Methods And Audit Trail

This page lists the public data path for the Evidence dashboard. Longer codebooks and release notes live in the checked-in docs.

Public Reproducibility

The public release is built from:

  • Public parquets and staged aggregate artifacts.
  • Public crosswalk snapshots.
  • Evidence source SQL under sources/usajobs and sources/nlx.
  • Checked-in ETL and audit code.

The publication companion is the staged reproducibility bundle described in docs/reproducibility-bundle.md. See Agreement And Audit Trail for the compact dashboard-facing checklist of bundle contents, agreement scripts, public-safe limits, and documentation. See What Postings And Taxonomies Can And Cannot Say for the demoted taxonomy-coverage caveat page.

Table 1. Public corpus size and task coverage

No Results

Monthly Active Jobs

USAJOBS monthly charts use active-month denominators. A posting contributes to each month between its start and end date when that date range is valid.

Table 2. USAJOBS active-month construction

No Results

Table 3. Monthly source windows by corpus

Terms. Monthly active jobs = summed active posting-month rows. A posting can contribute to more than one month when its active date range spans months.
No Results

Revealed Comparative Advantage (RCA)

RCA compares an entity's share of a task or Work Activity with that same item's share in the full corpus. Values above 1 indicate over-representation in the selected occupation, agency, or industry.

RCA = (entity item mentions / all entity item mentions) / (corpus item mentions / all corpus item mentions)

Job-Ad-Derived Occupation-Task Pair Two-Model Agreement Procedure

Distinct occupation-task pairs are reviewed with the publication two-model agreement rule to separate likely cross-occupational task signal from extraction noise. This is the job-ad-derived occupation-task pair two-model agreement procedure, one of several LLM agreement procedures in the broader project. Canonical O*NET-listed pairs are retained automatically. Unlisted pairs are retained only when Claude Sonnet 4.6 and GPT-4o both mark the pair plausible.
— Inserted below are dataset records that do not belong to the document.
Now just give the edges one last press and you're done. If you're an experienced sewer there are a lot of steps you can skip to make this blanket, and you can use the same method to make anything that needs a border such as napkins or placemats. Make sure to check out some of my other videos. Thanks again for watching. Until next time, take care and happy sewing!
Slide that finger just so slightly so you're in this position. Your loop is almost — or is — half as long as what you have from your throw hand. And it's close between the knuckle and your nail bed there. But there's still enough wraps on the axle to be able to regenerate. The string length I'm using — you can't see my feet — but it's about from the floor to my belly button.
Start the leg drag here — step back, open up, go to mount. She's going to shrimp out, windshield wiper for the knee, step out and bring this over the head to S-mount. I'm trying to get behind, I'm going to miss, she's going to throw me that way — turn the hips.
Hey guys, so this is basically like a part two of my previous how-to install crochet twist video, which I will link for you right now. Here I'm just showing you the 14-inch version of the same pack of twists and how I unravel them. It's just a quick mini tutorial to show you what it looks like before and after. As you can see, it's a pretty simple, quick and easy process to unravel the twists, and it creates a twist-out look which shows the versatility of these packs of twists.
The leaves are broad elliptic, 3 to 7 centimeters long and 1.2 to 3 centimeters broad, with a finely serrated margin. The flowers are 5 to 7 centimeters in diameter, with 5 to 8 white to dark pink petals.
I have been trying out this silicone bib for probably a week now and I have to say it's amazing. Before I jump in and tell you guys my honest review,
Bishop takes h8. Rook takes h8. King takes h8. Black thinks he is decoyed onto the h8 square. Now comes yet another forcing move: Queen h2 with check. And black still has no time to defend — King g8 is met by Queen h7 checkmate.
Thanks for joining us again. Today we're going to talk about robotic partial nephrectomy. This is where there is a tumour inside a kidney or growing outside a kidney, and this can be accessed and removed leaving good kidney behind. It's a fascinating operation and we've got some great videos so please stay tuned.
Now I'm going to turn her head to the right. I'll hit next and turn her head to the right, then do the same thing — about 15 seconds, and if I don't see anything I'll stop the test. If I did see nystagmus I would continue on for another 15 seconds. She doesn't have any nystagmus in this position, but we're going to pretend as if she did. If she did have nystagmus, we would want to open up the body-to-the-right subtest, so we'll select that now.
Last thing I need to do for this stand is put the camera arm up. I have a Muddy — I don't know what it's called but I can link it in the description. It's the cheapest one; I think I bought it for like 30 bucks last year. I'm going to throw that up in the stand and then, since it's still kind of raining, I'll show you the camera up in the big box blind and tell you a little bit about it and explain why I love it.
Gemini v2 outputs are diagnostic only and are excluded from the publication rule.

The review now includes three batches with the same prompt and judge panel:

Sample Purpose Main reported result
Top RCA pairs Tests whether the most distinctive occupation-task pairs include real cross-occupational task signal Pass rate by O*NET migration distance; retained vs. excluded pairs
High-volume pairs Tests whether the most frequently mentioned task pairs show the same agreement pattern Pass rate and exclusion rate compared with the RCA sample
Random pairs Estimates the baseline plausibility rate outside top-ranked dashboard records Overall pass rate and false-positive/false-negative boundary checks

The samples remain separate in reporting. The RCA sample supports the Finding 1 headline; the high-volume and random samples are robustness checks and denominator context.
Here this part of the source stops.